In Claim 6 for Violation of the Arizona Consumer Fraud Act, Plaintiffs assert that Defendant engaged in "deceptive and unfair acts and practices, ... and the ... omission of material facts" and specifically asserts that Defendant's "failure to disclose that its computer systems were not well-protected" and that Plaintiffs' "sensitive information was vulnerable ... constitutes deceptive and/or unfair acts or practices." (Doc. # 36 at 54.) As the Magistrate Judge explained (Doc. # 73 at 45), Plaintiffs "do not point to a specific representation or statement ... in which Defendant omitted this fact, which [Plaintiff] Gordon saw and replied upon." Magistrate Judge Carman rejected Defendant's argument that Plaintiffs are required to allege a specific representation by Defendant in which Defendant should have disclosed flaws in its data security systems, finding that the case law does not support such a requirement in the Arizona Consumer Fraud Act. (Id. at 45-46.)

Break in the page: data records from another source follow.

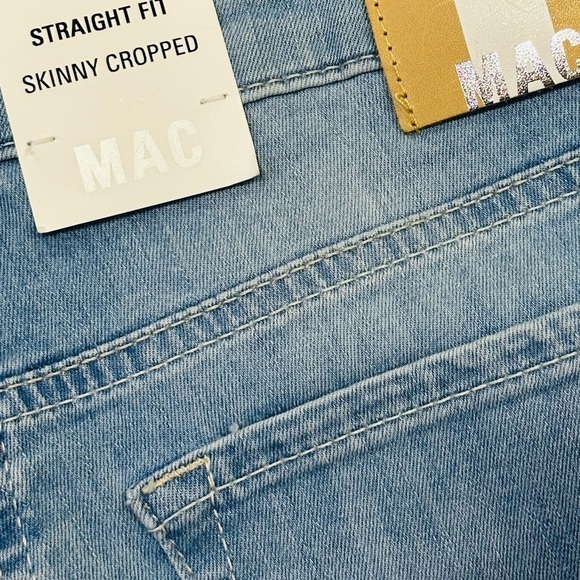 👖💎 MAC Jeans Skinny Redone Hem | NWT Patchwork Raw Edge Cropped Denim, Women’s 6 - Picture 4 of 5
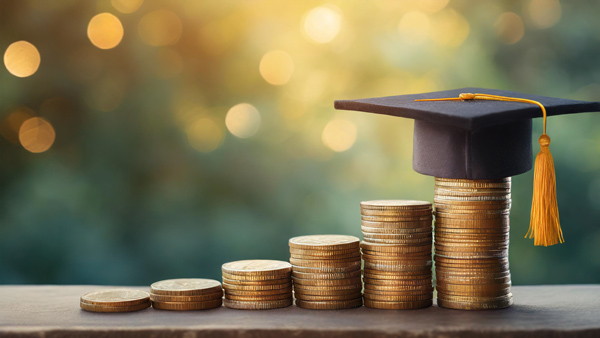 Six stacks of coins of increasing height, the largest stack with a graduation cap and tassel on it.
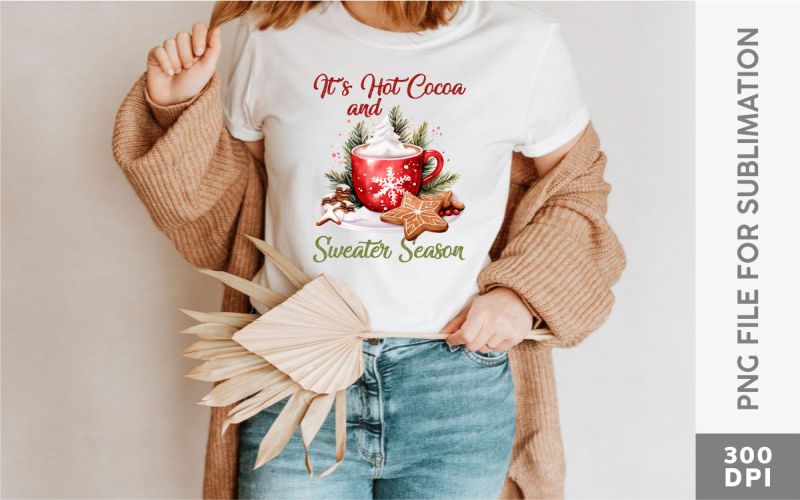 Christmas Hot Cocoa PNG Sublimation Bundle T-shirt preview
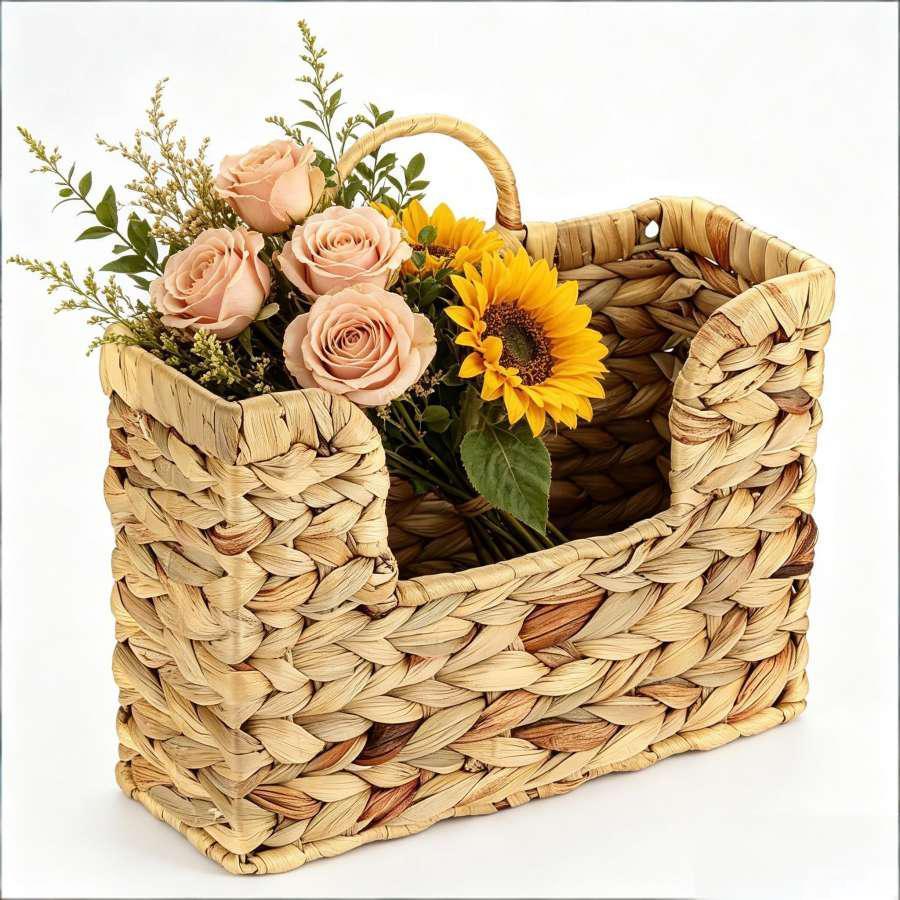 Modern Minimalist Wicker Wallmounted Magazine Rack With Rattan Storage Basket For Home Organization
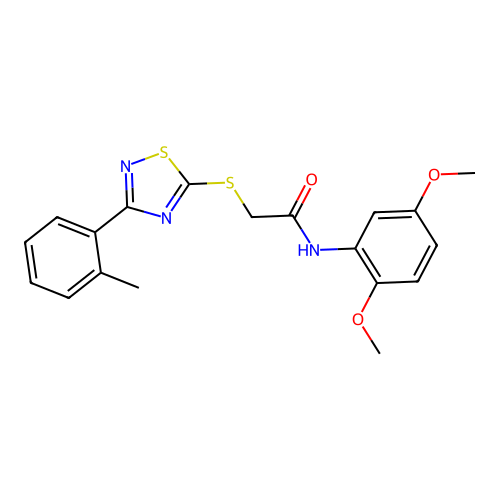 N-(2,5-dimethoxyphenyl)-2-((3-(o-tolyl)-1,2,4-thiadiazol-5-yl)thio)acetamide structure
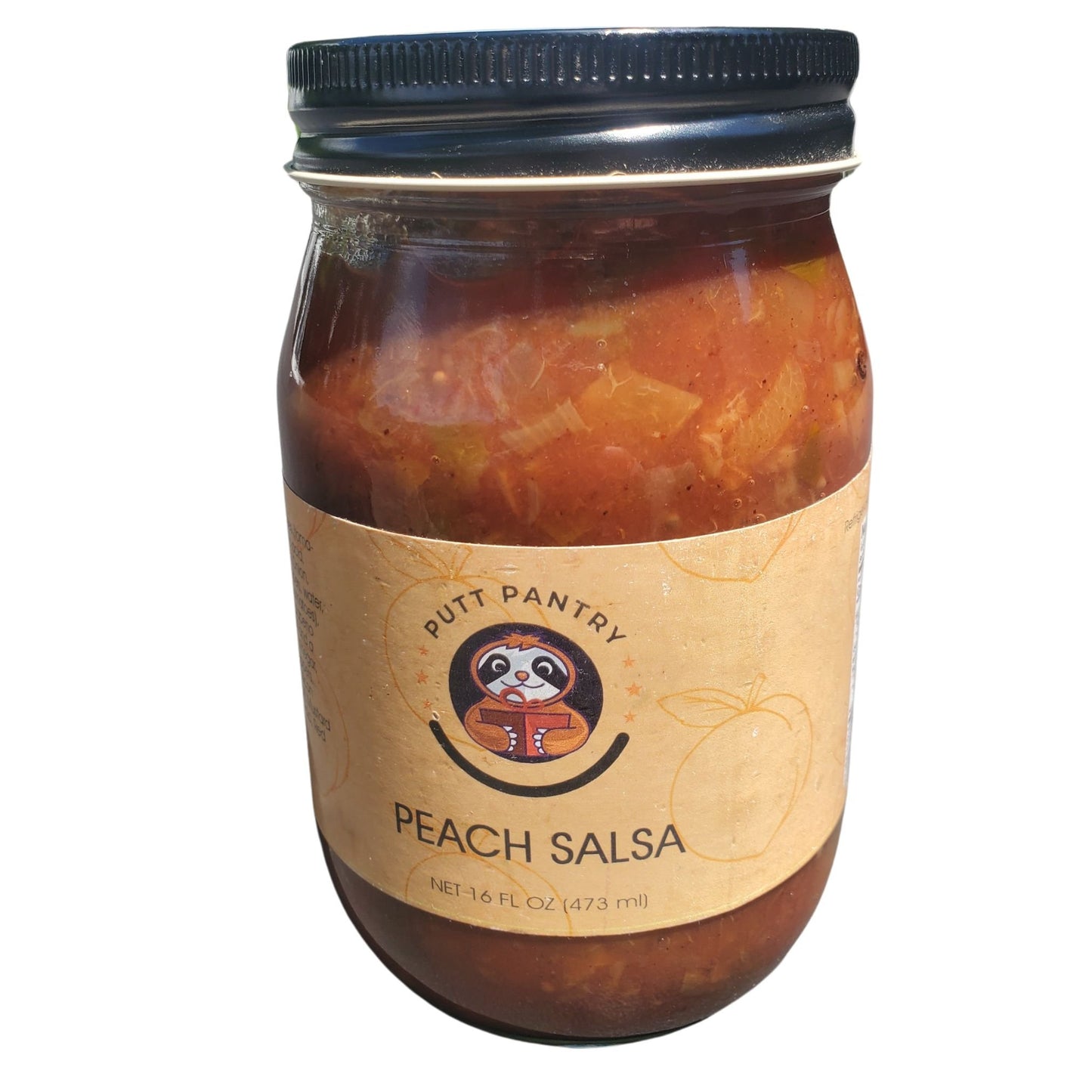 Putt Pantry Peach Salsa, 16 oz Jar, Sweet and Spicy Flavor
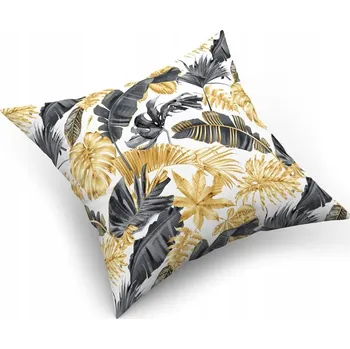 Povlak na dekorativní polštářek Povlak na polštářek "jasiek" 40x40 cm, 100% Bavlna Listy 3D zlatá a bílá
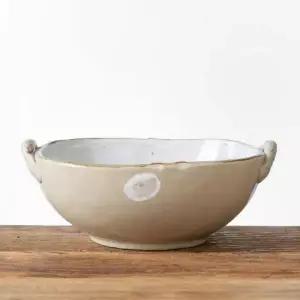 이천도자기 미색꽃 넓은 찜기 그릇 소 16cm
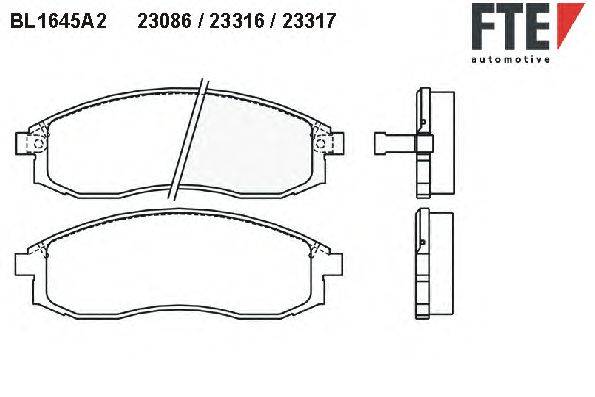 Комплект тормозных колодок, дисковый тормоз FTE BL1645A2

In Claim 8 for Violation of the California Unfair Competition Law, Plaintiffs plead in part that "[b]y failing to disclose that it does not enlist industry standard security practices," Defendant engaged in a fraudulent and "unfair business practice" under California law. (Doc. # 36 at 61.) Defendant argues in its Motion to Dismiss that "the California [P]laintiffs fail to allege they ever saw, read, or otherwise were exposed to [Defendant's] claimed omissions or misrepresentations" and that they therefore cannot satisfy the reliance element of a claim brought under the California Unfair Competition Law. (Doc. # 43 at 21-22.) Magistrate Judge Carman explored case law concerning "what standard of causation applies for [California Unfair Competition Law] claims based on fraudulent omissions" and was persuaded by two cases in which California courts declined to *1250dismiss the plaintiffs' fraudulent omission claims because the plaintiffs had sufficiently plead an omission of facts the defendants were obliged to disclose, In re Sony Gaming Networks and Customer Data Security Breach Litigation , 996 F.Supp.2d 942, 991 (S.D. Cal. 2014), and In re Adobe Systems, Inc. Privacy Litigation , 66 F.Supp.3d 1197, 1229-31 (N.D. Cal. 2014). (Doc. # 73 at 50-51.) In view of these cases, Magistrate Judge Carman concluded that Plaintiffs "plausibly allege causation or reliance on Defendant's omission that it was not providing reasonable data security" and that Defendant "has not shown that the [law's] reliance element requires pleading any further." (Id. at 51.)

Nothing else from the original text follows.